Among media historians, William Uricchio, professor of Comparative Media Studies at MIT and emeritus professor at Utrecht University, is known primarily for his work on the histories of all kinds of (formerly) ‘new’ media. In recent years, he has been preoccupied, among many other topics, with the cultural use of algorithms, specifically in such settings as public archives or by such institutions as public broadcasters.
In a conversation on the topic, he talks about his concerns for the present and future of data use. In doing so, he also builds on some long-term interests: in imaginations of television present and past, and in forms of ‘Americanization’ in the media.
– Eef Masson and Karin van Es
EM/KvE: In your recent reflections on big data use by public-facing organizations, you have been critical of a so-called ‘failure of imagination’, arguing that it entails the threat of a ‘colonization of the data-imaginary’. Can you explain what this threat entails, and point to where we might have seen it before?
WU: By ‘imaginary’, I mean the range of possible conceptions, deployments, and meanings that something might have. This use of the term echoes Donald Norman’s notion of ‘affordances’, but goes beyond it in the sense of embracing the very conceptualization of something, as well as its semiotic constraints.1 The semiotic is crucial, because language marks the conceptual borders that we take as givens, and in the case of ‘data’, they are slippery. Do we mean by ‘data’ literally only the information, in whatever form, that will be organized and processed? Do we include the larger epistemic system within which that information is given form? Do we also include its processing within a larger set of, say, algorithmic operations, using the term ‘data’ synecdochally? Or do we use ‘data’ metaphorically to characterize a particular claim? Only when we pin down what, precisely, we include in the term, can we move on to talk about possible conceptions and deployments.

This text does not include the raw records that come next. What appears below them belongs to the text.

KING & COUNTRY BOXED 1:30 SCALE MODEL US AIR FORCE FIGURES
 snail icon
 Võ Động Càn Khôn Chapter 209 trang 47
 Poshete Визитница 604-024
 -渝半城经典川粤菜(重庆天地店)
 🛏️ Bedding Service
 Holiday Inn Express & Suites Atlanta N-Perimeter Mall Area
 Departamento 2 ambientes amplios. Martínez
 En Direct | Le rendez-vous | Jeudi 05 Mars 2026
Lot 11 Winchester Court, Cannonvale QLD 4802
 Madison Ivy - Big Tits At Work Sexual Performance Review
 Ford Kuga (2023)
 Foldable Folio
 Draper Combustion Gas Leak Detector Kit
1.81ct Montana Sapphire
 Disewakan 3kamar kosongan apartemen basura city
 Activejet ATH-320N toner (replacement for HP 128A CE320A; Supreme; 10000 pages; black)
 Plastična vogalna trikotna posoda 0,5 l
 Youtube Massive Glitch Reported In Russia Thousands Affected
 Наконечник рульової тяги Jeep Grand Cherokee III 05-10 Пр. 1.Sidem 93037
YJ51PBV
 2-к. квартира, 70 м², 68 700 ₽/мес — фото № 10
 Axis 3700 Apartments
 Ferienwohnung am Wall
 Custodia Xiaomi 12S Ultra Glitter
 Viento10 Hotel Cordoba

From pluriform to uniform – that’s the developmental trajectory that we can see in most technologies, regardless of culture. Television offers a good example. From the late nineteenth century onwards, a technological ensemble capable of sending and receiving live image and sound was imagined in a wide number of ways. First and foremost, it was an extension of the telephone, a means of point-to-point connectivity. By the mid-1930s, it was deployed as large-screen cinema-style entertainment, as a domestic companion, as a means of aerial reconnaissance, as an element in a remote-control system, and indeed, as a means of point-to-point communication.2 At least in Germany, all systems worked, all had backers and business models. Cut to the early 1950s, and the world was left with basically just one model of television. And wherever in the world television appeared, regardless of ideology, regardless of economic development, that single model dominated. The televisual imaginary was taken over, dominated, colonized by a particular notion of the medium.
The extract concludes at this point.